Does this answer your question?
The Visitor pattern is the typical traversal mechanism.

Adding arbitrary properties to a strongly typed list

I'm looking for a good way to add arbitrary properties to the objects in a strongly typed list, based on the principle that I shouldn't pass a DataTable from my business layer to my presentation layer.
For example, I might have a Category class with the properties CategoryId and Title. On one page I would like to fetch a list of all categories (ie. List<Category>) together with the most expensive product in each category.
A while ago, I would have just returned a DataTable with some additional columns in it with the product data in, but I'm trying not to do that -- it would be trivial to set up it's not good practice.
One option is to add a MostExpensiveProduct property to my Category class, but I might want to display the most recently added product in another case, or the cheapest product, so I'd end up adding a lot of properties to cover all the options. This just doesn't feel right to me.
Am I missing a trick here? What is the best way of doing this? Or should I just be returning a DataTable to which I can add as many columns as I need and not worry about it?

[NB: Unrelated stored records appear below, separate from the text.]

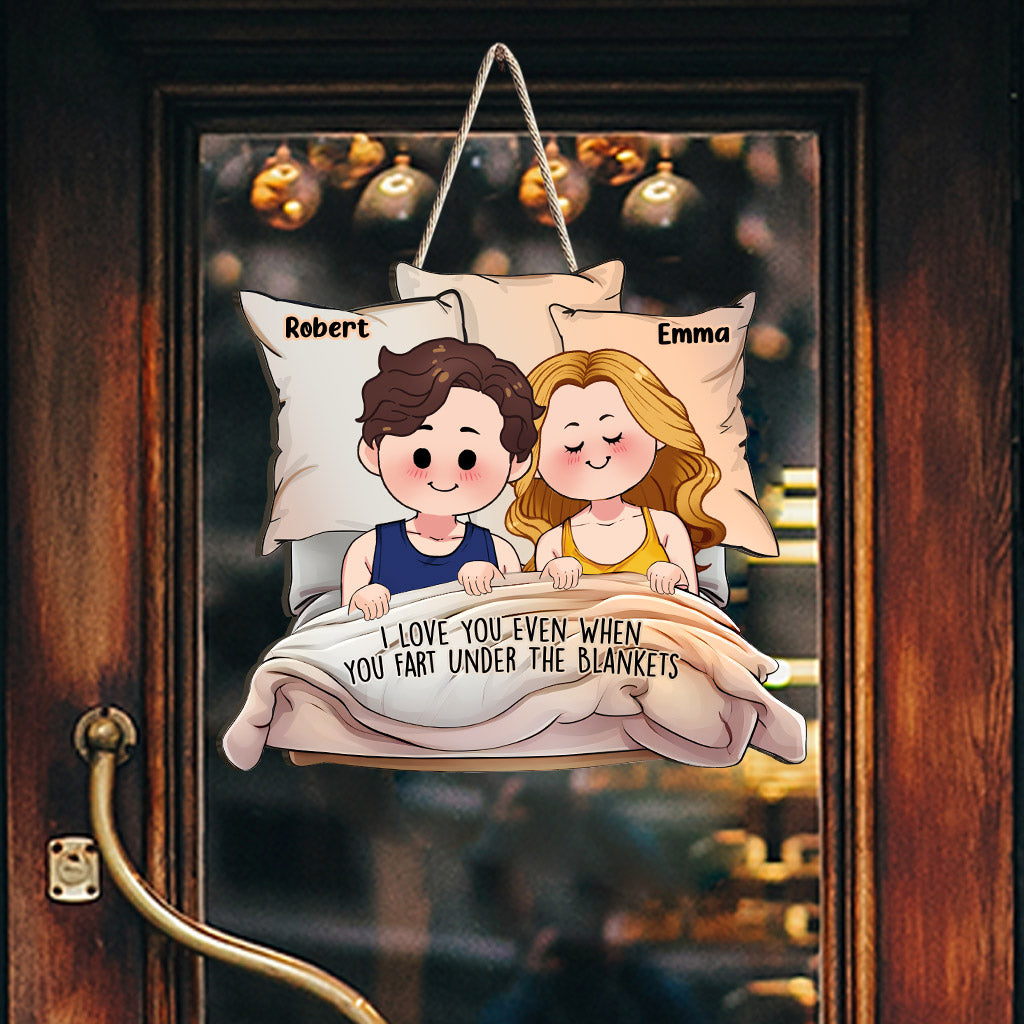 I Love You Even When You Fart Under The Blankets - Personalized Couple Custom Shaped Wood Sign
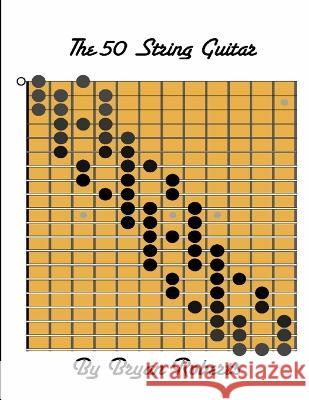 The 50 String Guitar Bryan Roberts 9780989316200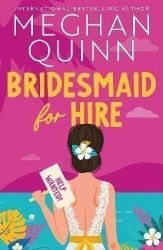 Bridesmaid for Hire: The hilarious and steamy new wedding-set romcom from the internationa - Meghan Quinn - Rom-com v angličtině Bridesmaid for Hire: The hilarious and steamy new wedding-set romcom from the internationa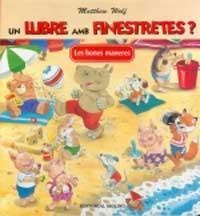 UN LLIBRE AMB FINESTRETES. LES BONES MANERES | 9788427282667 | SIRENA, ADRIANA/STILTON, GERONIMO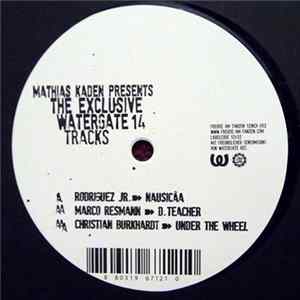 Mathias Kaden presents - The Exclusive Watergate 14 Tracks mp3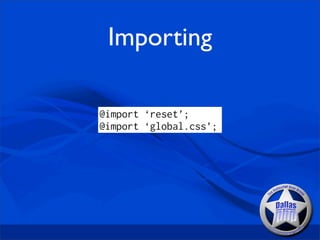 Importing

@import ‘reset’;
@import ‘global.css’;
 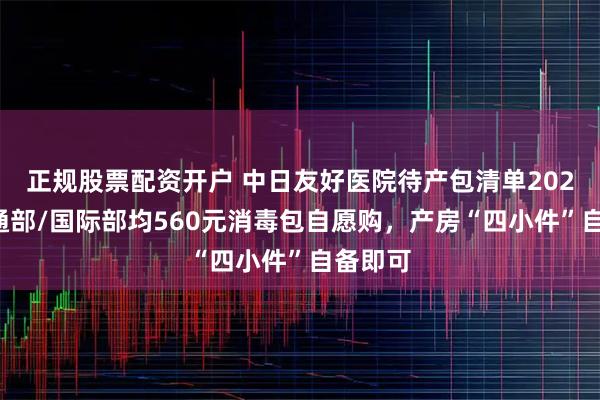 正规股票配资开户 中日友好医院待产包清单2026：普通部/国际部均560元消毒包自愿购，产房“四小件”自备即可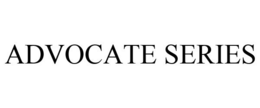 ADVOCATE SERIES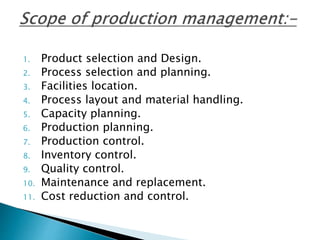 1. Product selection and Design.
2. Process selection and planning.
3. Facilities location.
4. Process layout and material handling.
5. Capacity planning.
6. Production planning.
7. Production control.
8. Inventory control.
9. Quality control.
10. Maintenance and replacement.
11. Cost reduction and control.
 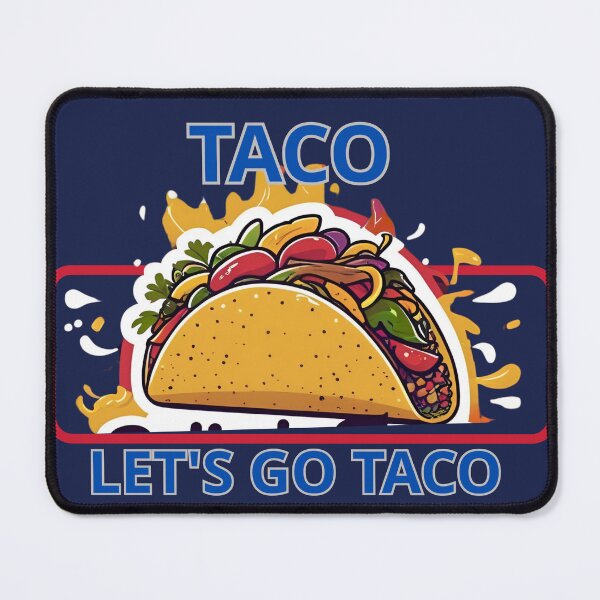 Item preview, taco let's go taco designed and sold by 4Dart.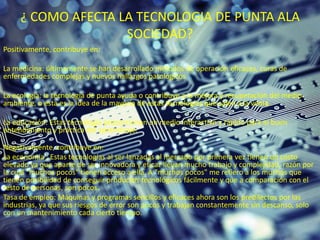 ¿ COMO AFECTA LA TECNOLOGIA DE PUNTA ALA
SOCIEDAD?
Positivamente, contribuye en:
La medicina: últimamente se han desarrollado métodos de operación eficaces, curas de
enfermedades complejas y nuevos hallazgos patológicos
La ecología: la tecnología de punta ayuda o contribuye a la mejora y recuperación del medio
ambiente, o esta es la idea de la mayoría de estas tecnologías que salen a la venta.
La educación: Estas tecnología proporcionan un medio interactivo y rápido para el buen
entendimiento y práctica del aprendizaje.
Negativamente, contribuye en:
La economía : Estas tecnologías al ser lanzadas al mercado por primera vez tienen un costo
elevado ya que aparte de ser innovadora y eficaz llevan mucho trabajo y complejidad, razón por
la cual "muchos pocos" tienen acceso a ella. A "muchos pocos" me refiero a los muchos que
tienen posibilidad de conseguir productos tecnológicos fácilmente y que a comparación con el
resto de personas, son pocos.
Tasa de empleo: Máquinas y programas sencillos y eficaces ahora son los predilectos por las
industrias, ya que sus riesgos de error son pocos y trabajan constantemente sin descanso, solo
con un mantenimiento cada cierto tiempo.
 
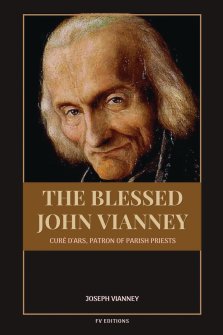 The Blessed John Vianney, Curé d'Ars, Patron of Parish Priests: Easy-to-Read Layout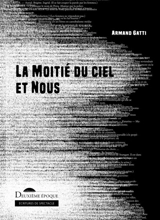 La moitié du ciel et nous - Armand Gatti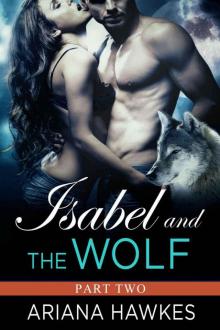 Isabel and the Wolf: (Part 2) Read online
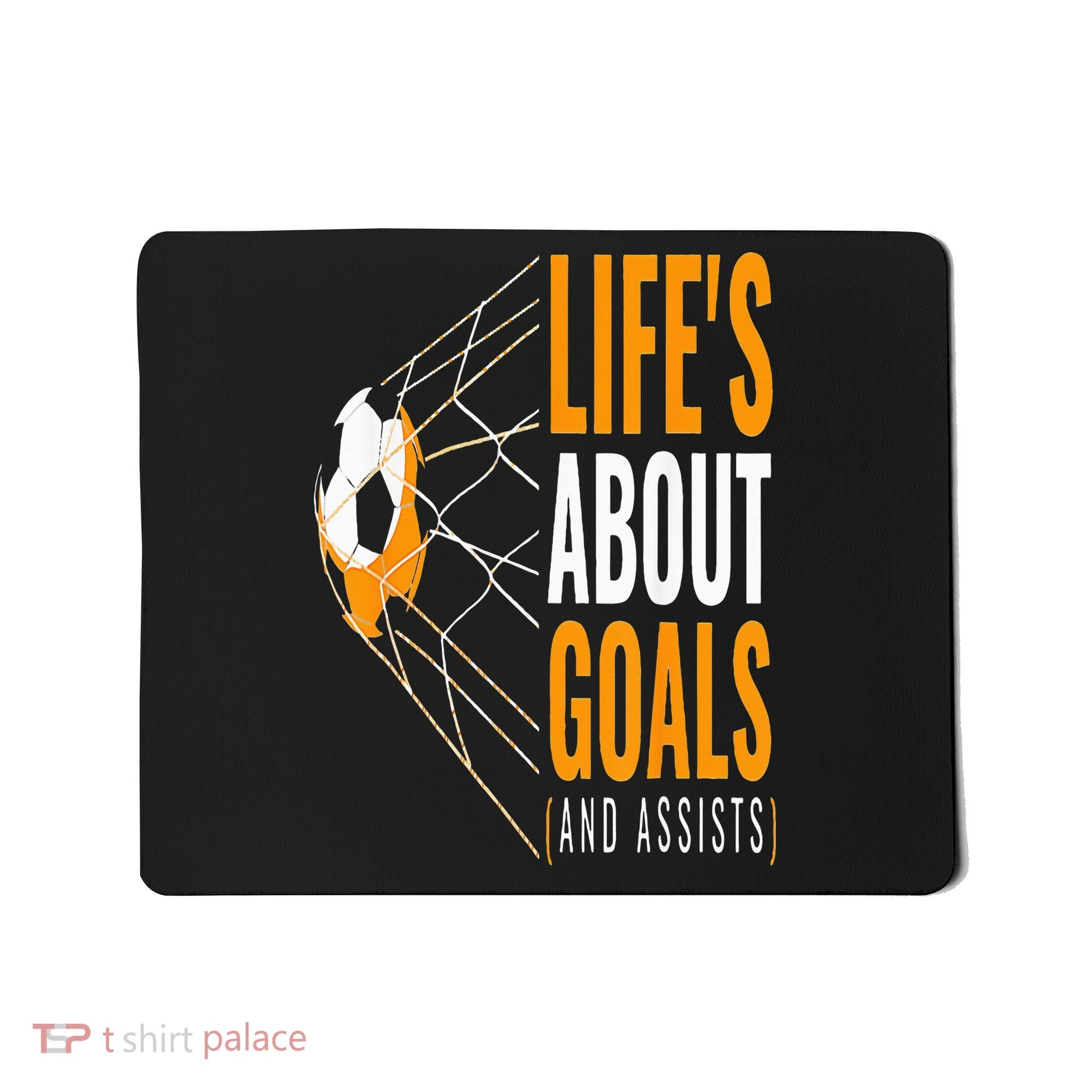 Soccer  For  Life's About Goals  Soccer Mousepad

The issue seems to be you have a lot of different views you'd like to offer the user. The options I see are:
You could construct separate classes for each view that inherit from the Category class. Code gen would be a good solution here.

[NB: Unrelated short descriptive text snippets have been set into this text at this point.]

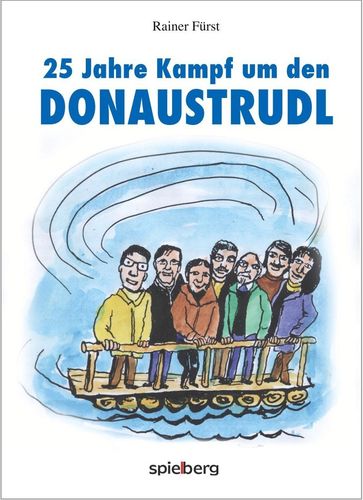 25 Jahre Kampf um den Donaustrudl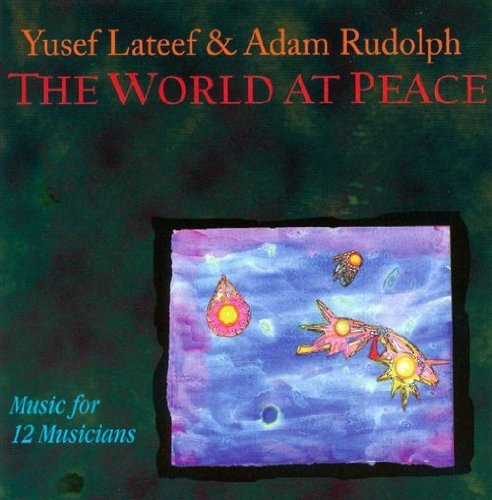 Lateef/Rudolph/World At At Peace-Music For 12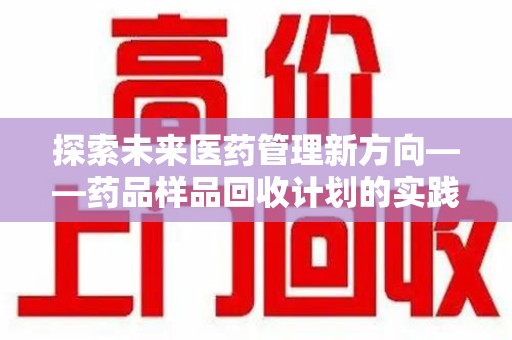 遵义探索未来医药管理新方向——药品样品回收计划的实践与意义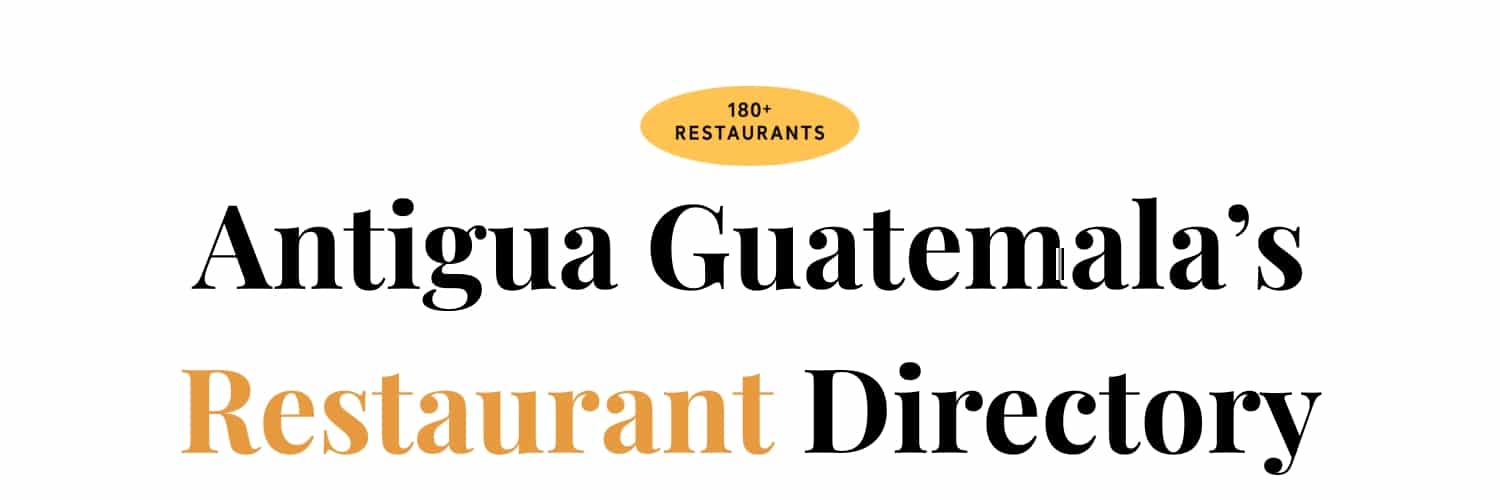 Antigua Guatemala’s Restaurant Directory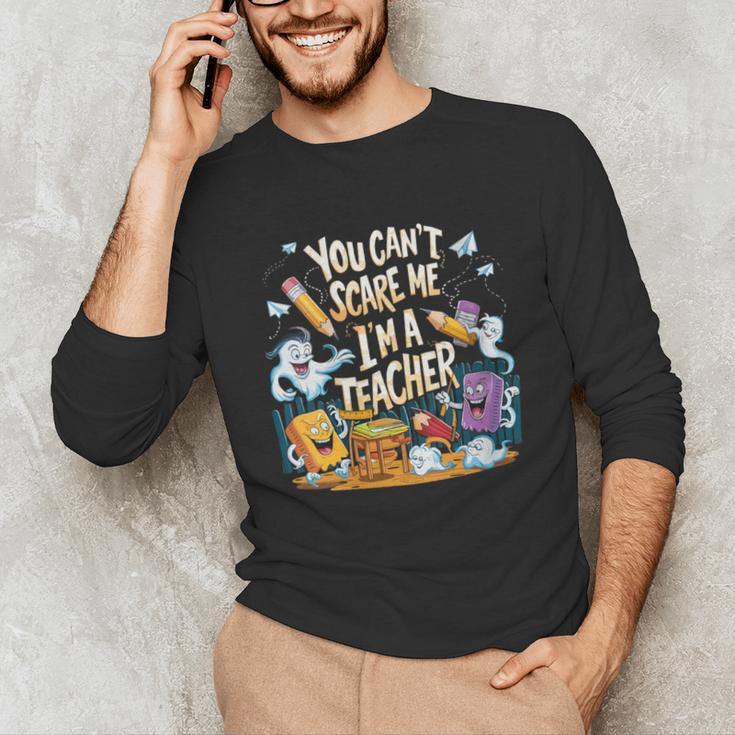 You Can't Scare Me I'm A Teacher Cool Math Teacher Halloween Unisex Long Sleeve T-Shirt, funny gift You Can't Scare Me I'm A Teacher Cool Math Teacher Halloween Unisex Long Sleeve T-Shirt, funny gift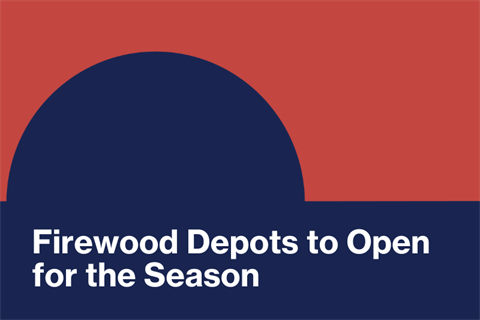 Firewood Depots to Open for the Season.png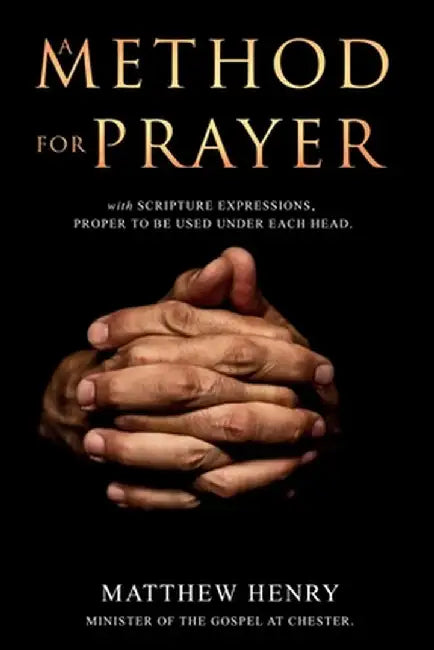 A Method for Prayer: With Scripture Expressions by Matthew Henry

You could store an Attributes property, which has an IDictionary interface, and refer to items by key. I'm becoming a fan of this approach.
You could generate a data table only for binding purposes, for these views... or develop a data table like component where you can refer to fields by Key...
For fields that you compute (say you store sales tax and net price, and compute gross cost), you could store as a method of the Category object, or as an extension method.
I'm sure there are other options that I haven't thought about...
HTH.
You should create a specialized class (a view model) for each view you have containing only the properties you are interested in using in the view. This may seem like unnecessary duplication for the simplest cases, but pays off in terms of consistency and separation of layers. You can construct the view models manually, or if that gets tedious, use an object-object mapping framework like AutoMapper.
There are several things to consider here IMHO. First, it seems that the only reference from Category to Product should be Category.Products, meaning you should never have something like Category.MostExpensiveProdcut etc. As far as your business layer, I would do something like this:
From your code behind in the presentation layer:
call CategoryManager.GetCategories();
call List<Product>ProductManager.GetMostExpensiveProducts(List<Category>);
Now that you have a list of Categories, and a list of Products (assuming your Product has a reference back to its Category) you have all the necessary information to work with. Using this setup your entities (Category, Product) are not polluted.
Another thing to consider is introducing a services layer. If you find that you don't want (for whatever reason) to make two calls to the business managers, rather you want to make a single call and get all your information in one shot I would consider introducing a services layer sometimes aka "application facade". This facade would be responsible for making the individual calls to the business managers and combining results into one response before shipping it back to the UI layer. Someone mentioned that that custom object would be a "ViewModel", which is correct but often used in reference to MVC. Another name for it would be a DTO (Data Transfer Object), which designed for use with service layers/application facade.